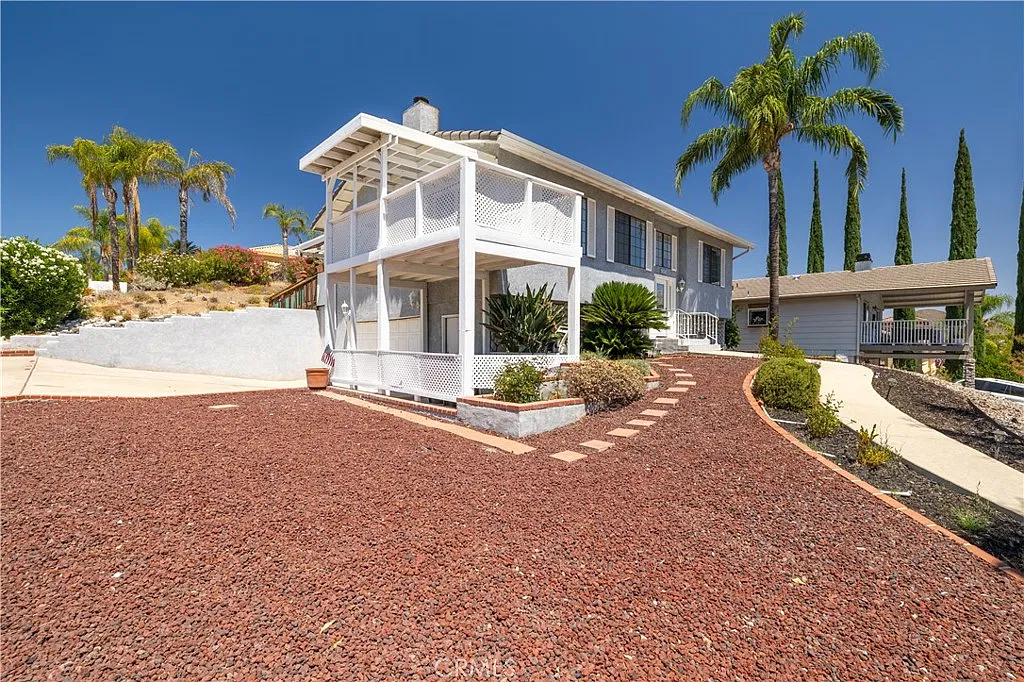 3 bed, 2.5 bath, 1818 sqft, $2,999 — Photo 1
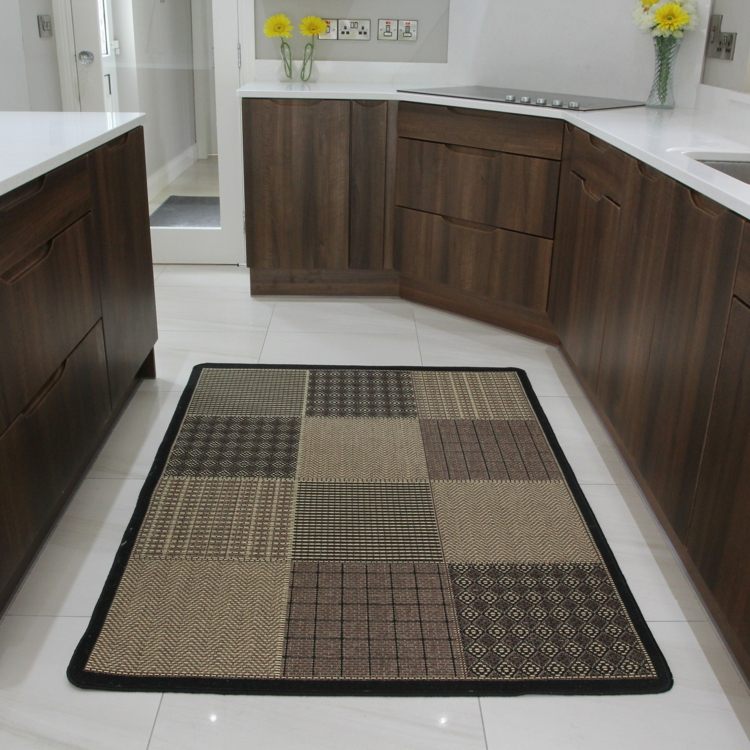 Déco tapete de cozinha marrom patchwork estilo rústico armários de madeira escura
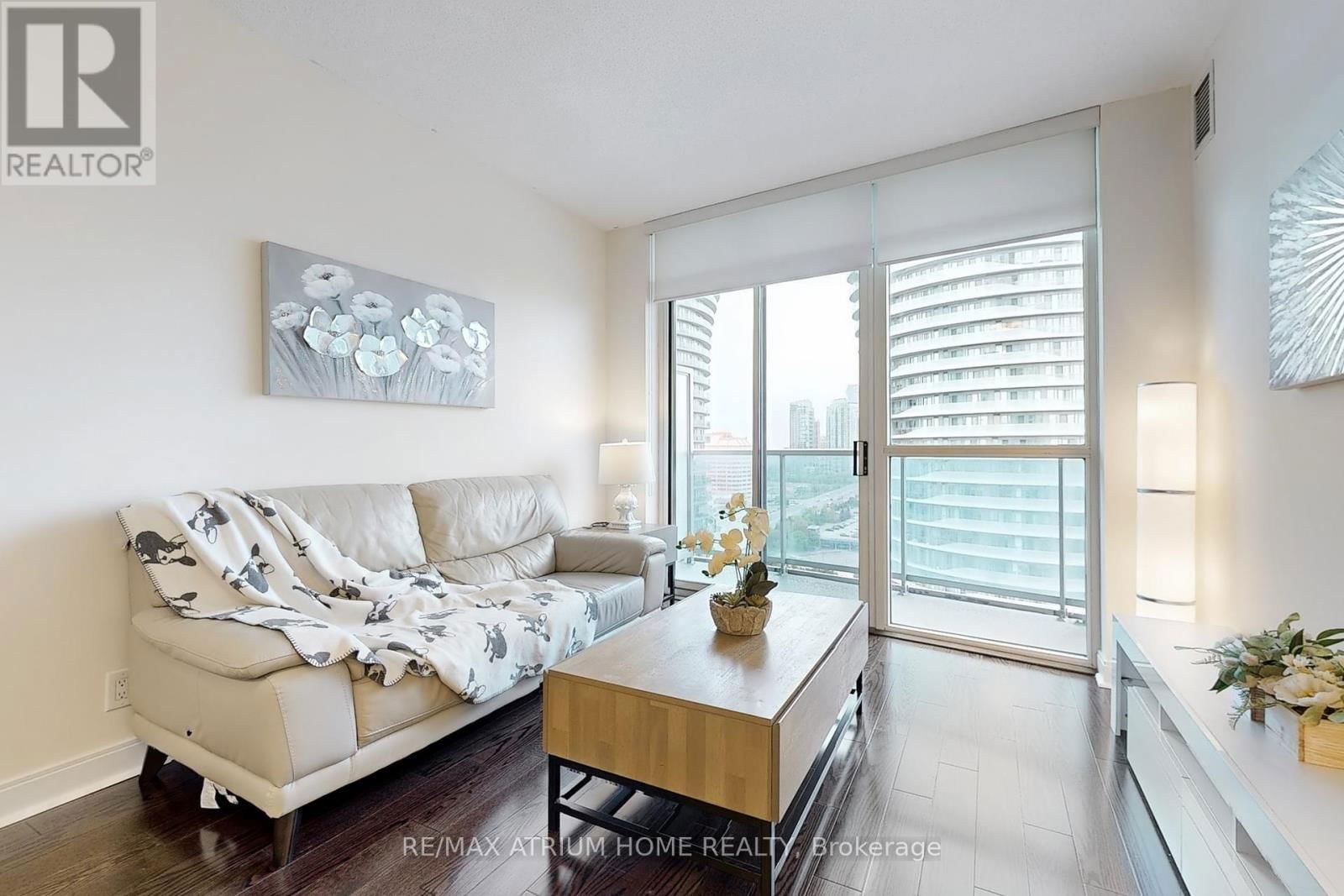 1808 - 80 ABSOLUTE AVENUE Image 3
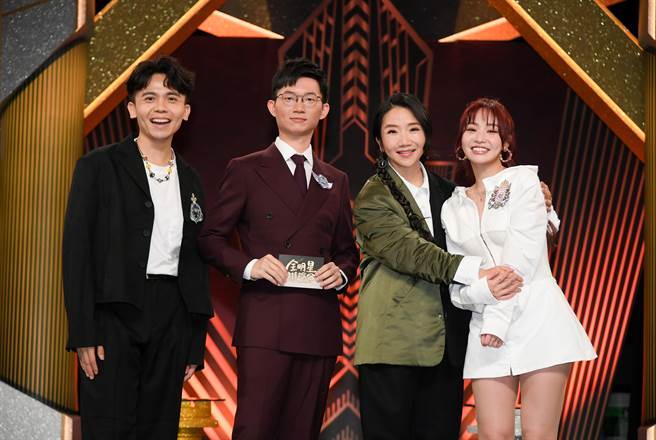 视网膜（左2）日前宣布频道将于月底停更。（三立提供）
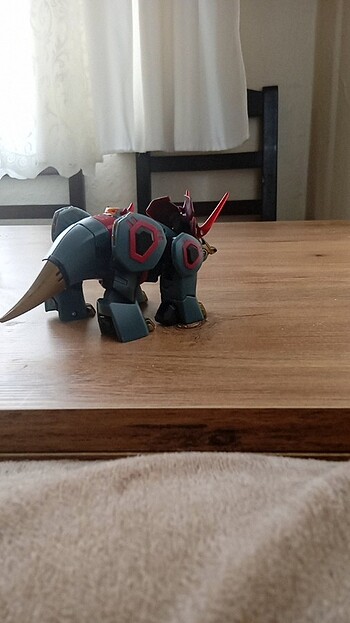 Beden Transformers Animated Snarl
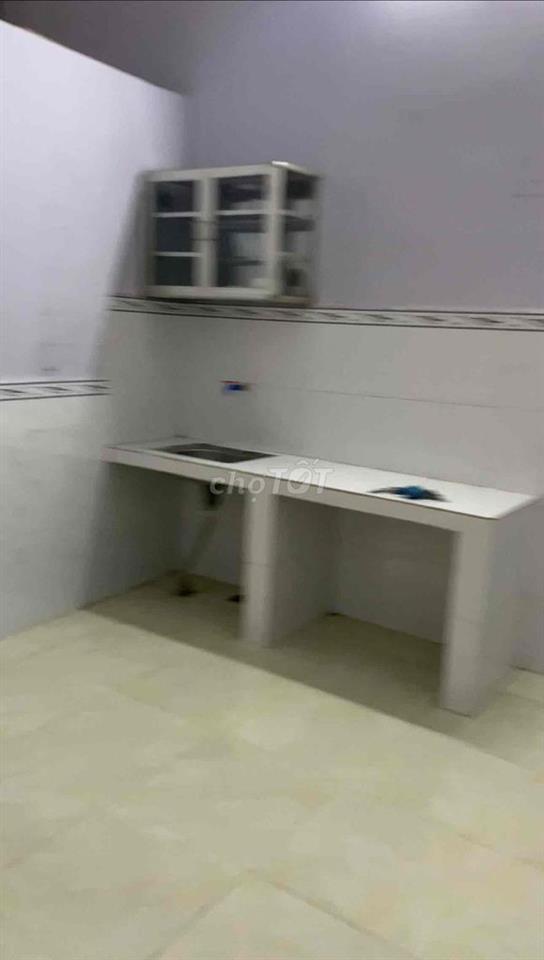 Cho thuê nhà hẻm 736 Lê Đức Thọ, 1 phòng bếp, 1PN ,wc,lối đi riêng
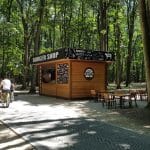 La Muma Padurii, restaurant cu terasa in padure la Edenland Park in Balotesti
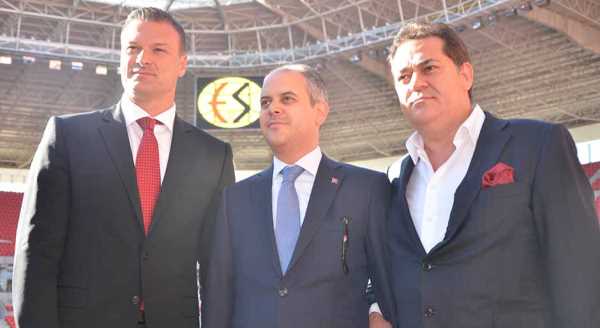 Bakan Kılıç yeni stadı gezdi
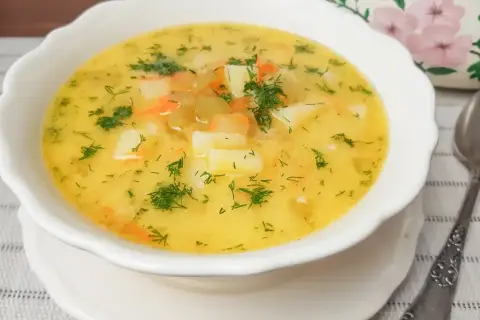 Aksamitna zupa ogórkowa, przepis babci, z ziemniakami, marchewką i koperkiem. Pyszne domowe jedzenie.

════════════════════

Going from the line holding "视网膜（左2）日前宣布频道将于月底停更。（三立提供）" to the last line of the data above, reproduce every line exactly, both included, with the pictures omitted.

* _EXERCISE RESULT_:
 视网膜（左2）日前宣布频道将于月底停更。（三立提供）
 Beden Transformers Animated Snarl
 Cho thuê nhà hẻm 736 Lê Đức Thọ, 1 phòng bếp, 1PN ,wc,lối đi riêng
 La Muma Padurii, restaurant cu terasa in padure la Edenland Park in Balotesti
 Bakan Kılıç yeni stadı gezdi
 Aksamitna zupa ogórkowa, przepis babci, z ziemniakami, marchewką i koperkiem. Pyszne domowe jedzenie.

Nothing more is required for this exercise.